I'm a little slow today. I just switched to Sanka. So...have a heart?

Friday, December 09, 2005

A Series of Open Letters

An Open Letter to Taxi Drivers:

Dear Taxi Drivers of America:

Of late, I have witnessed a disturbing trend amongst your kind. After flagging you down, and sliding onto a vinyl seat that has seen god-knows-what, we cruise to my destination, sans air conditioning. I am now hip to your scheme to save gas, and it does not amuse me. Henceforth, I shall request that you crank up your A/C, and you shall so comply. Perchance, in the country from which you originate, it is socially acceptable to arrive at your destination damp from perspiration, hair and collars wilted, with a distinct vomit-cleaner aroma.

That is not the case in this American Republic.

My personal comfort is more important to me than your gas mileage. I am sorry to be blunt, but we have an understanding - you are, perhaps, the last great vestige of a time when the Master-Servant relationship existed, and I am your paying customer; your master if you will. I make no reference to slavery, rather to a time when coachmen were common in the homes of middle and upperclass Americans.
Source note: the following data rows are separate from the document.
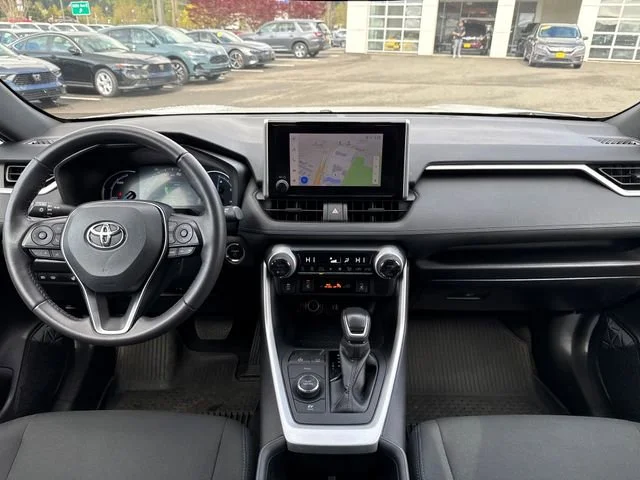 2024 Toyota RAV4 SE - Photo 13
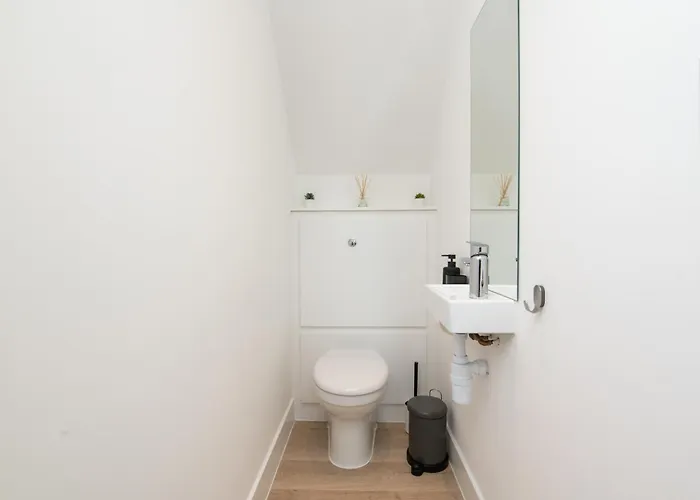 Apartment Entire In Downend,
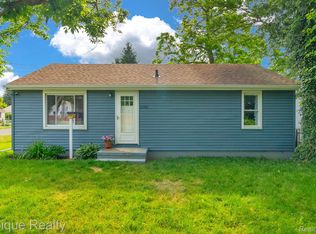 2182 N Center Rd, Burton, MI 48509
As such, you are to drive, and I am to be transported by your livery. There was a time, even during my lifetime, when Taxicab drivers would open doors for their charges, and handle their luggage. Sadly, this is no longer the case. As customs have changed, it stands now that your job is to ferry me from point A to point B, as cost-effectively as possible for me and not for you. We are not to make conversation, as I really do not care how you're doing or about your take on the weather. While I am in your taxicab, the only thing about which I care, is your inability to change lanes to avoid an obstruction in the road, and your failure to speed up to catch a green light while it is still green. You win extra points if you take me on a parallel route that is less crowded, and your tip is suitably diminished if you make no effort to avoid road congestion. For every fifty cents that I must pay in waiting charges due to what I deem as your carelessness and laxidaisical approach to shuttling me, I shall dock your tip by that amount, which brings me to my final point: correct change.
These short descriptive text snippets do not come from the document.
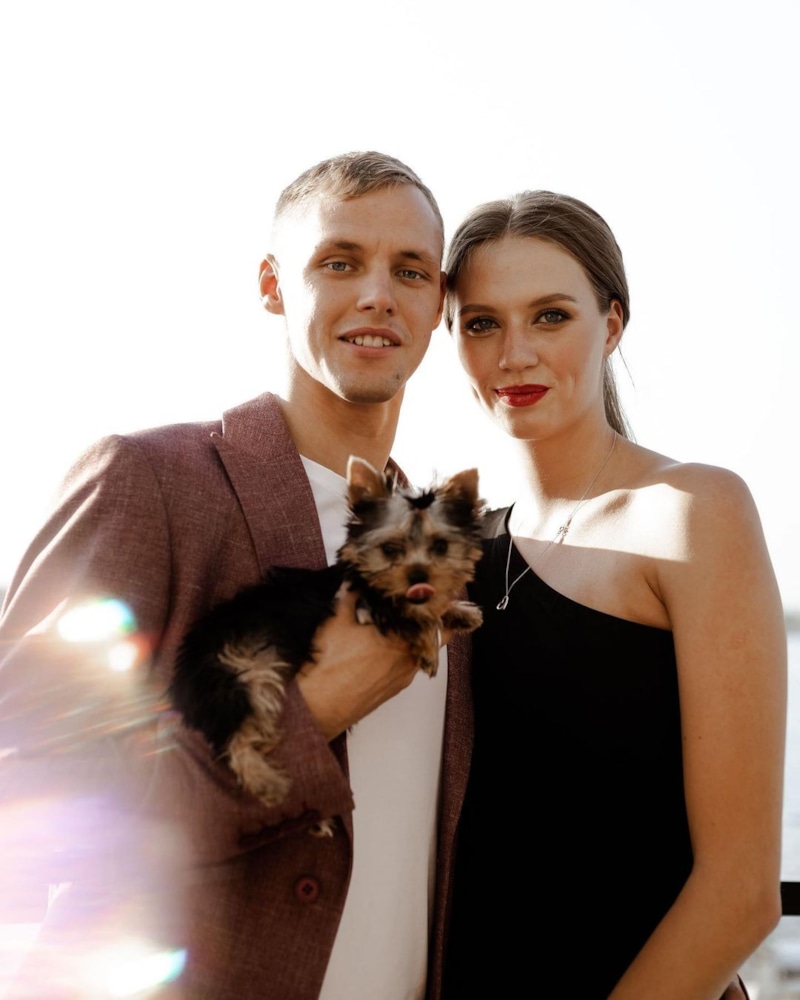 Антон Бородачев с девушкой  ‌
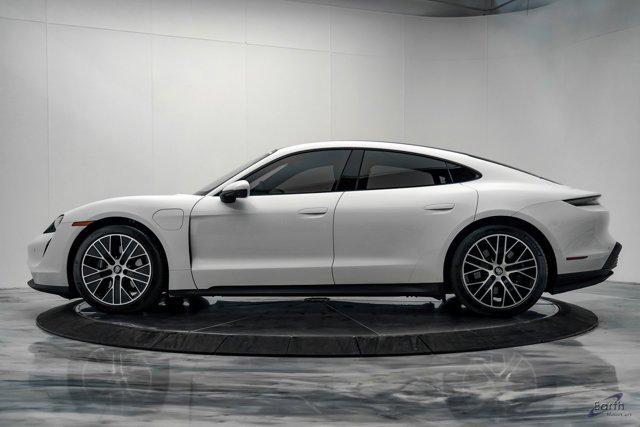 2021 porsche taycan rwd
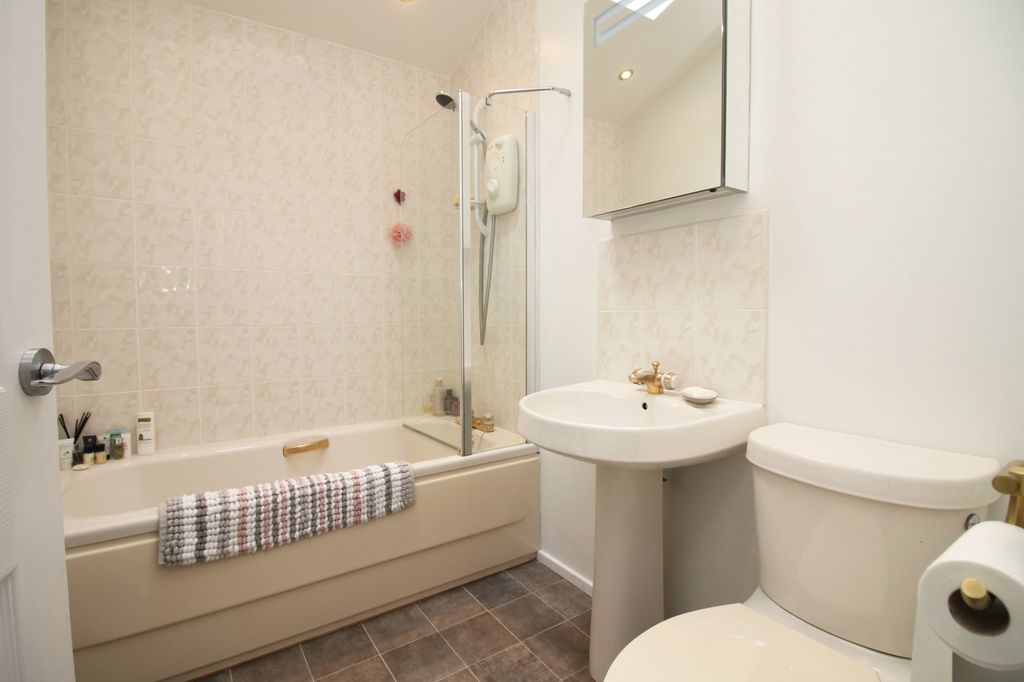 Additional image 25 of 2 bed bungalow for saleUllswater Avenue, Fleetwood FY7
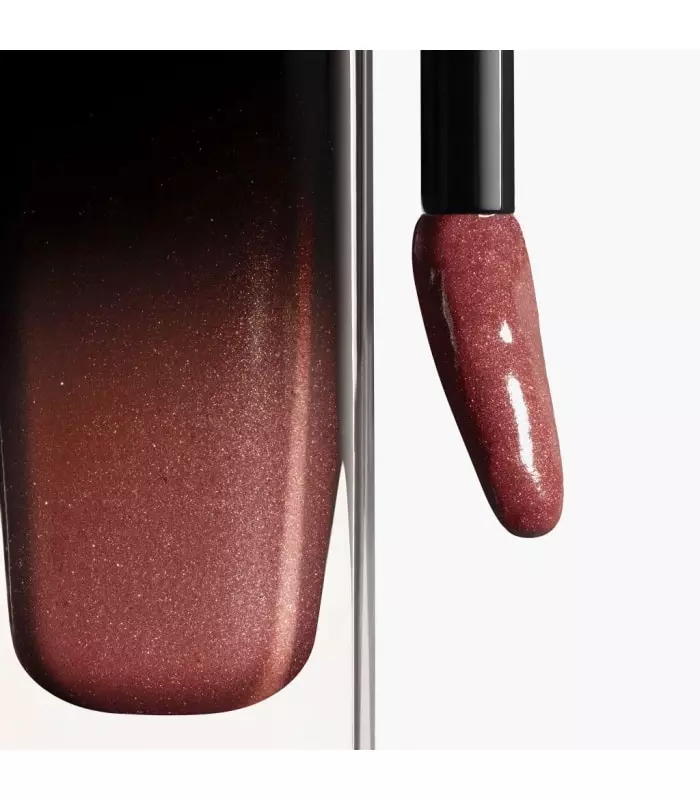 ROUGE ALLURE LAQUE Le rouge liquide brillant ultra tenue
It would behoove you and the food delivery men of America, to assemble in concert, and address the subject that, if Oscar Wilde himself had penned it into a Stage Play, would be called, "The Importance of Making Change."

While American currency does come in denominations that the Average American will only see behind glass in a museum, the common $1, (Occasional $2), $5, $10 and $20 are so ubiquitous as to be a given that you shall have correct change for such amounts. The denominations of $50, $100, $500, $1,000, $5,000, $10,000, and $100,000 you are, of course, not expected to change.

Therefore, after you have ferried me to my destination of disembarkation, and I tender my fare to you, at absolute last resort in the amount of $20, it is inconceivable that you do not have some combination of, worst-case scenario, nineteen dollars to give to me as change. Such a gross failure on your part is simply unforgiveable.

Allowing you to retain any amount above the price on the meter is a discretionary matter, in my sole control. I realize that you may have children to feed, and rent to pay, but as the addage goes, one good turn deserves another. The inverse is also true. It usually happens that when I tender a $20 bill to you, I may have some combination of small bills in my billfold, but they do not total the entire fare. I am loathe to give you twenty dollars for a six dollar taxicab ride (customarily of mediocre-to-poor quality) as you have done nothing in the five minutes in which we have been acquainted, to deserve a fourteen dollar tip. Although it pains my conscience to do so, regarding such matters, a pained conscience is far more tolerable than a pained wallet, when I tender to you a $20 dollar bill, and you inform me that you "do not have change for a twenty," the only fair result, in my opinion, is to instead, offer you whatever other loose bills occupy my billfold. No American business transacts itself without change for a twenty dollar bill, and the trade which you ply is no exception. It is more than reasonable to expect that the first two or three passengers you may ferry may pay you with a twenty. You should, nay, must carry more change with you. As I am not responsible for your failure to do so, you shall not extract a penalty from me for your inability to prepare for your day's or night's work. You have no uniform to wear, and I know for a fact that at the central dispatching agency from whence you rent your taxi, a cashier can make change for your twenties. It is doubtless frustrating when a seven dollar fare is reduced to three, but that was your decision when you loaded your billfold, and hopefully your involuntarily-reduced tariff will teach you a lesson for next time.

That said, you do perform a much under-appreciated and vital service in the cities of America. Your image, which suffers from a dearth of positive public relations, is not, however, undeserved.